## Required action
Please give the records below again in full, exactly, with the images left out.

(Beginning of Material to process)

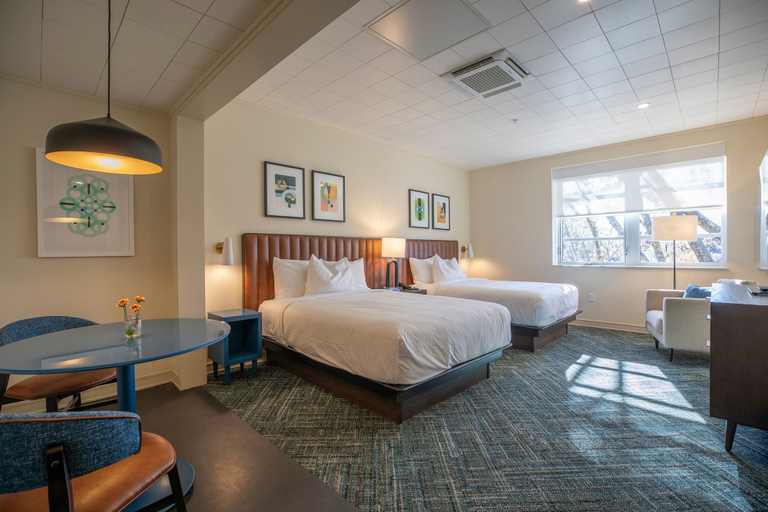 Bedroom 2, The Holbrook Hotel, Danville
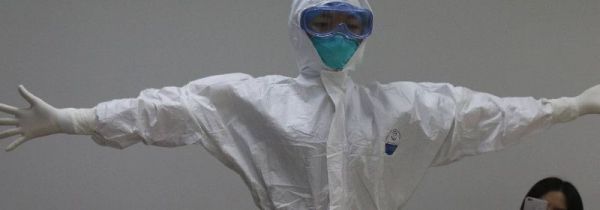 防护服的穿脱流程及注意事项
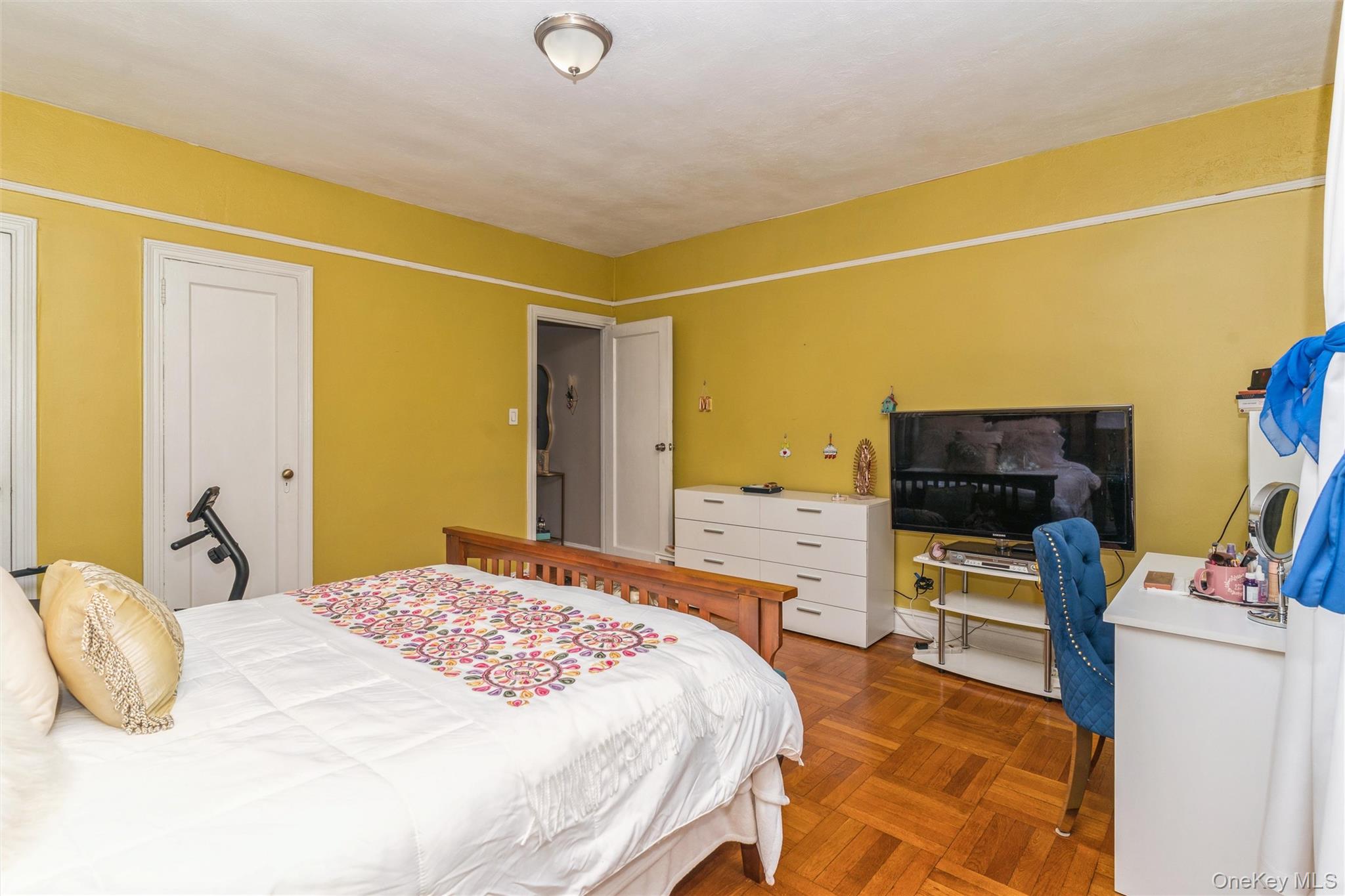 35-30 73rd Street # 2B, Jackson Heights, NY 11372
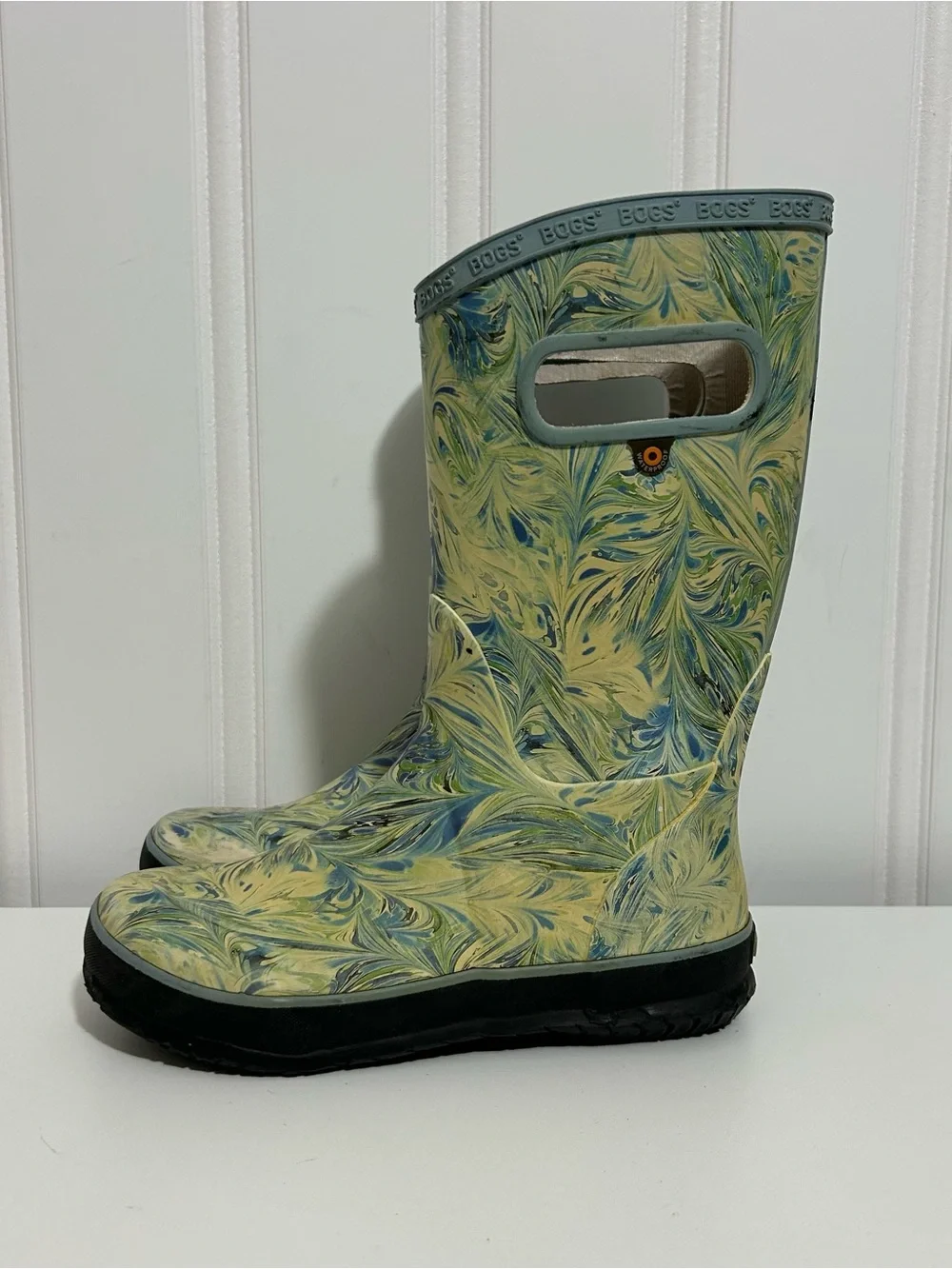 Bogs rubber rain boots blue green marble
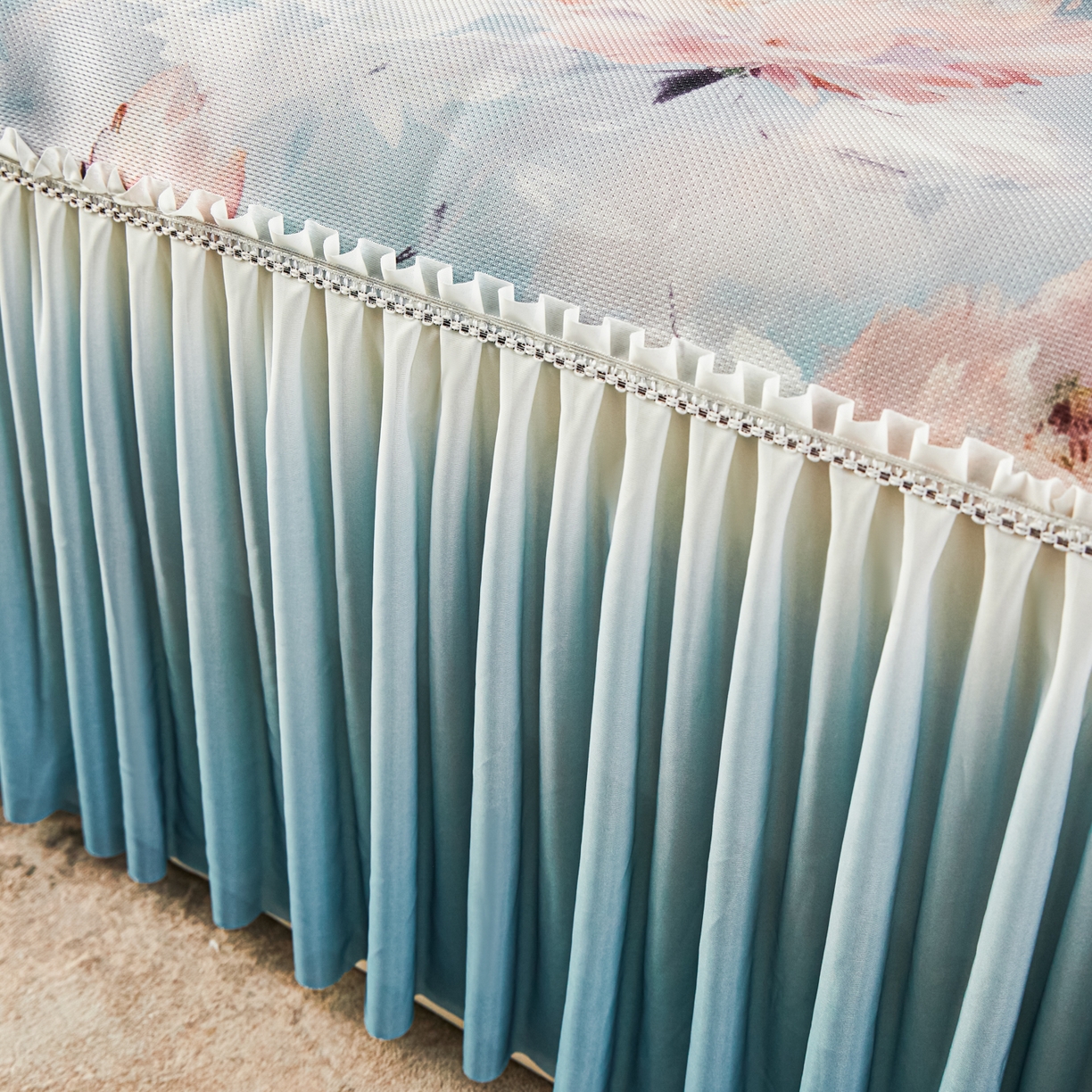 91家纺网 家纺一手货源 找家纺 绒宴家纺2026海洋冰丝床裙款凉席三件套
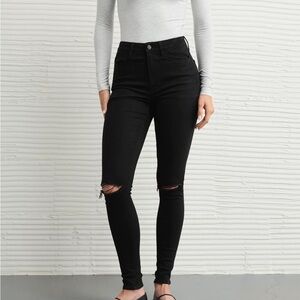 American Eagle Outfitters Black High-Rise Ripped Skinny Jeans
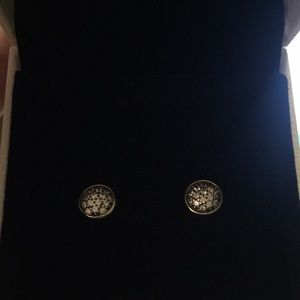 Never worn, Dazzling droplet stud earrings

(End of Material to process)

## Your solution
 Bedroom 2, The Holbrook Hotel, Danville
 防护服的穿脱流程及注意事项
 35-30 73rd Street # 2B, Jackson Heights, NY 11372
 Bogs rubber rain boots blue green marble
 91家纺网 家纺一手货源 找家纺 绒宴家纺2026海洋冰丝床裙款凉席三件套
 American Eagle Outfitters Black High-Rise Ripped Skinny Jeans
 Never worn, Dazzling droplet stud earrings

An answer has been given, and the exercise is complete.